En admettant que Dmitri Medvedev soit le chouchou du président actuel, on imagine que leurs sympathisants se ressemblent. Mais cela n'est pas le cas: les électorats potentiels de Vladimir Poutine et de Dmitri Medvedev, aussi bizarre que cela puisse paraître, n'ont pas, et de loin, les mêmes caractéristiques qualitatives. Plus précisément, il n'y a qu'une chose qui les unit: parmi les sympathisants de Medvedev on trouve beaucoup de partisans de Poutine. En revanche, le premier vice-premier ministre plaît davantage aux hommes qu'aux femmes, ce qui n'est pas le cas du président en exercice. Medvedev est essentiellement soutenu par les 36-54 ans, tandis que l'électeur moyen de Poutine est nettement plus jeune. Les revenus des partisans de Poutine, comme leur niveau d'instruction, sont proches de la moyenne. Medvedev est davantage plébiscité auprès des diplômés de l'enseignement supérieur aux revenus élevés. Le numéro deux du gouvernement russe est moins soutenu à la campagne qu'à Moscou et dans les grandes villes. Le président en exercice est au contraire populaire dans les milieux ruraux, et beaucoup moins à Moscou.

Dans les prévisions, bien entendu, il faut tenir compte de la marge d'erreur statistique, mais les tendances qui se dessinent semblent assez crédibles. Du moins, il semble vrai que les couches aisées et instruites en pleine force de l'âge identifient leurs "salaires" avec le "visage" de Dmitri Medvedev.

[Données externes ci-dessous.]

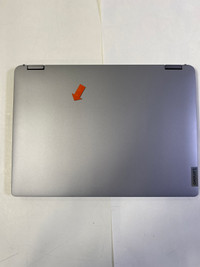 Lenovo IdeaPad Flex 5 14ABR8 82XX00H5MH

Les portraits des électeurs des autres candidats hypothétiques semblent tout aussi véridiques. Vladimir Jirinovski et Guennadi Ziouganov ont des sympathisants aux paramètres sociologiques plus ou moins similaires: leur électeur moyen a un faible niveau d'instruction, perçoit des revenus bas (Jirinovski) ou moyens (Ziouganov), est de sexe masculin et habite à la campagne (le leader communiste est également soutenu dans les petites villes, tandis que le dirigeant ultranationaliste bénéficie d'une cote de popularité très faible à Moscou).

La différence de principe se situe ailleurs. Le comportement de Vladimir Jirinovski fascine essentiellement les 18-35 ans, un trait distinctif auquel s'ajoutent les bas revenus et le faible niveau d'instruction, d'où la qualité peu flatteuse de son "audience"... Les sympathisants de Guennadi Ziouganov sont essentiellement âgés de 55 ans ou plus. Enfin, les fidèles du leader communiste ne font pas confiance à Vladimir Poutine, tandis que ceux de Vladimir Jirinovski ne lui sont pas forcément hostiles.

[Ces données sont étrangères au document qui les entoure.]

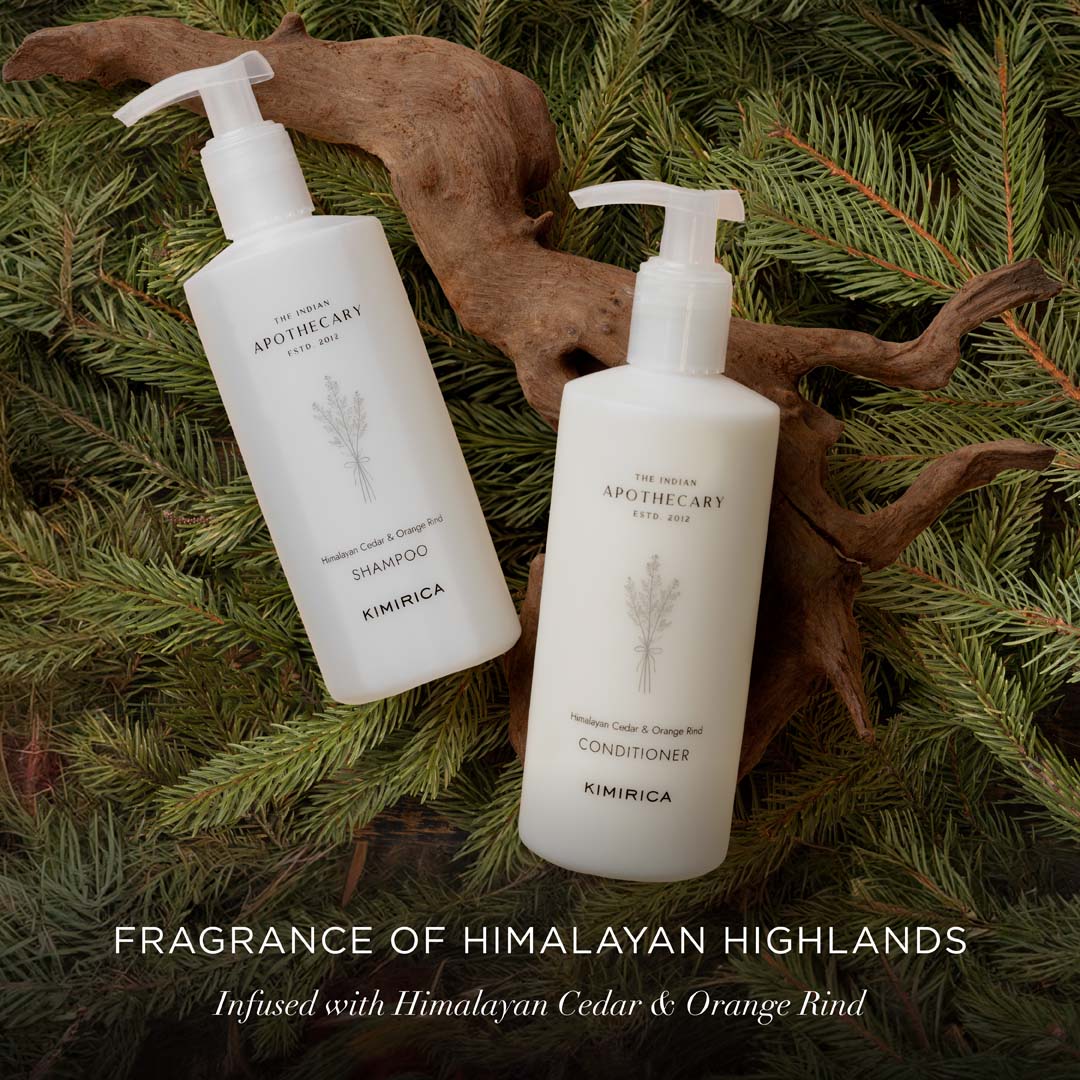 Ashwagandha Body Care Duo - Image 4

Il est impossible, hélas, d'évaluer la qualité de l'électorat potentiel du ministre de la Défense, Sergueï Ivanov, qui ne bénéficie que de 1% des intentions de vote. Son unique avantage est d'être soutenu par des diplômés de l'enseignement supérieur.

En un mot, l'électorat russe est on ne peut plus hétéroclite. Mais l'identité du vainqueur de la prochaine course à la présidence russe semble dépendre uniquement de la position que prendra le chef de l'Etat. Peut-il en être autrement, en effet, si Vladimir Poutine bénéficie toujours d'une cote de popularité hors de compétition (et qui s'explique moins par les espoirs du peuple que par son conservatisme et son indifférence générale à la politique)? Une fois le choix effectué, le portrait de l'électeur moyen du dauphin désigné a toutes les chances de subir une métamorphose profonde et de s'approcher de celui des fidèles du président, avec leurs revenus moyens, leur niveau d'instruction moyen et leur répartition géographique harmonieuse.